通常の弁当店の弁当よりも、フレンチレストランが作る弁当には特別感があり、月に1万2000~1万3000個ほど売れて、年間で6000万円ほど売り上げが上乗せになったそうです。
「リーズナブルなお店ではあったのですが、フレンチのコースというとどうしても敷居が高く、立地も地下1階で、一般客を集客しづらい状況でした。そこで商品を通常のフレンチのコースからフレンチの食べ放題にずらしました。
これは珍しいということで、メディアにもたくさん取り上げられました。1カ月で予約が1000件くらい入り、1カ月先まで予約が一杯になりました。売り上げは130%ほどアップ。月に約400万円だった売り上げは500万~600万円になったのです。コンセプトは、『フレンチをおなか一杯気兼ねなくお楽しみいただけます』です。女性客にも非常に好評でした」と平川社長は説明します。
ジェイズで使用した販売方法に、ファクスDMがありますが、これはプロフィット・ラボラトリーが顧客企業のマーケティングを行う際に得意としている戦術の1つです。「満席FAX」と名付けてサービス化し、飲食店を中心に全国約1万店舗と契約しています。顧客店舗からある特定の距離にある法人に向けて、ファクス送信を代行するサービスです。
満席FAXのサービスでは、集客しにくい平日用に割引クーポンを付けるなど、どうすればお客を呼べるかファクスの内容(原稿制作)のコンサルティングから請け負い、ファクス用チラシを作成、複数回線を保持する業者を介して一斉送信するまでを行います。初回の原稿制作は1案件1万円ですが、その後の小さな修正などは無料で、ファクス送信は1件あたり25円で請け負っています。
例えば仙台の飲食店で、金土日の繁忙期を除き、10日間だけ使える「生ビール100円クーポン」のファクスDMを2000件の周辺企業へ送ったところ、その効果は大きく、10日間で160人を集客し、50万円の売り上げ増になったといいます。

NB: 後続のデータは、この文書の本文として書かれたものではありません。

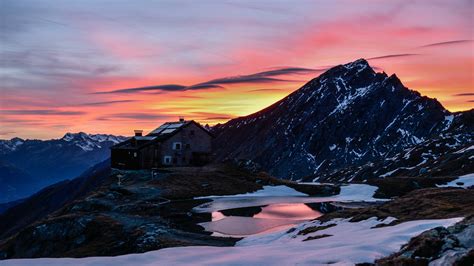 Snow Covered Mountains Stone House Yellow Black Clouds Sky Background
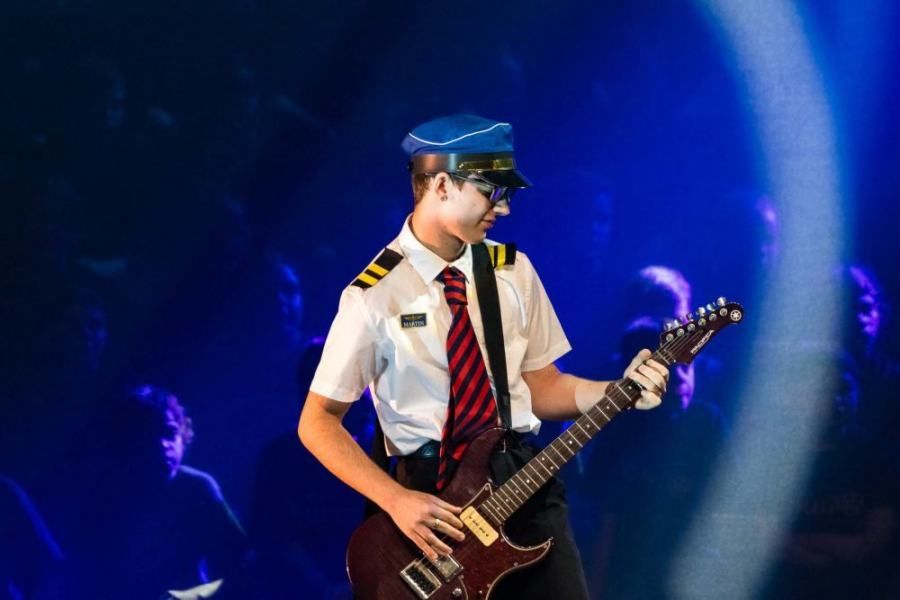 A man in an airplane uniform is playing a guitar on a stage.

2000件の送信を依頼しても送信料は5万円なので、宴会を1件取れれば顧客店舗はペイできる仕組みになっています。
同社が満席FAXのサービスを始めたのは2009年、東京都内で3店舗を展開するある飲食チェーンのマーケティングを担当したことがきっかけでした。
「アルコールを扱う飲食店のお客様は、会社帰りの方がほとんど。いってみれば法人客なんです。ならば、会社からの帰り道に歩いているところを呼び込んで営業するのではなく、昼の2時や3時に今日はどこに飲みに行こうかと想起させれば必然的にお客様は増えるのではないかと考えました。
ところが飲食店は、そのようなプッシュ型の営業をほとんどしていないのです。理由は2つ。『経験がないからやりたくない』という感情的なものと、『仕込みやアルバイトの管理などで忙しく時間がない』というものです。そこで、商品はずらさずそのままで、看板や店頭でのチラシやティッシュ配り、あるいは飲食店検索サイトへの掲載といった販売方法を、法人へのプッシュ型営業へずらすことを思い付きました」
同社は営業を代行し、試しに飛び込み営業と電話営業、ファクスDMの送信をしました。その結果、ファクスDMの時間対効果が最も高かったのだそうです。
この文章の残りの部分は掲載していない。